In an earlier article I described the trail from Edwards Crossing downstream toward Purdon Crossing. Now, I’ll give you a bit of the history on one of my favorite Nevada County places, Edwards Crossing Bridge.
How to get there: From Nevada City take Highway 49 north toward Downieville. You have not left the city limits when you need to turn right (uphill) on Coyote Street, and after about a mile, turn turn right again on North Bloomfield Road. If you miss Coyote, don’t worry, in another block, just turn right on North Bloomfield and go uphill aways. Be sure to bear right at the top of the hill to stay on North Bloomfield. If you bear left you will end up on Lake Vera/Purdon Road. You don’t want to do that. So now that you are on North Bloomville, stay on it for about 7 miles until you get to the Edwards Crossing Bridge. Park on either end of the bridge, but on the near side you will find toilet facilities.

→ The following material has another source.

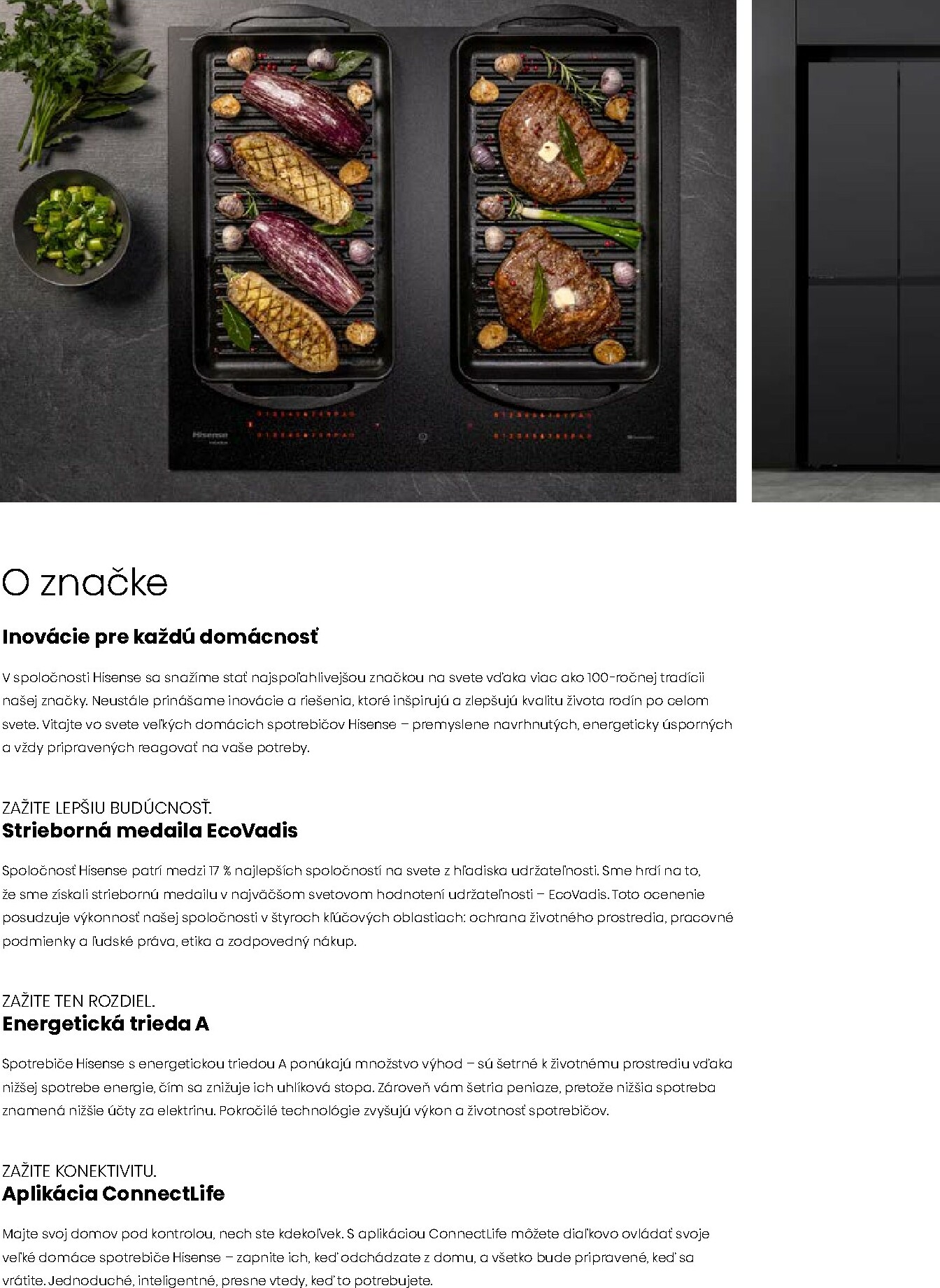 xxxlutz - Leták XXXLutz - Katalóg Hinsense 2025 platný od 01.10. do 31.12. - page: 2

Here’s the old illustration of the bridge from the 1970 edition of The History of Nevada County by Thompson and West, originally published in 1880. This rare volume was loaned to me by my Lake of the Pines neighbor, John Ohalloran, who owns a parcel of land up above the Crossing in Lake City. Thanks, John!
Edwards Crossing was first known as Robinson’s Bridge Crossing and was the centerpiece of the old South Yuba Turnpike. William Edwards bought and rebuilt the road and bridge in 1855. Amazingly, the bridge, road, and topography look much the same today.
Edwards Crossing is a popular spot with the locals for swimming and hanging out. Be careful. Over the years several people have drowned here, mostly when they underestimated the force and frigidity of the water. In the spring when the river is high and cold, stay out. Wait for summer.
The Nevada City side of the bridge is also the trail head for one of the most fun, and most scenic, foot paths in the area. Take your camera. It’s about 5 miles to Purdon Crossing where someone can pick you up.
Edwards Crossing is one of five segments of the South Yuba River State Park. The other four are at Bridgeport, Purdon Crossing, the new bridge on Highway 49 near Independence Trail, and a small hard-to-find area at Owl Creek north of Rudd/Holland Road.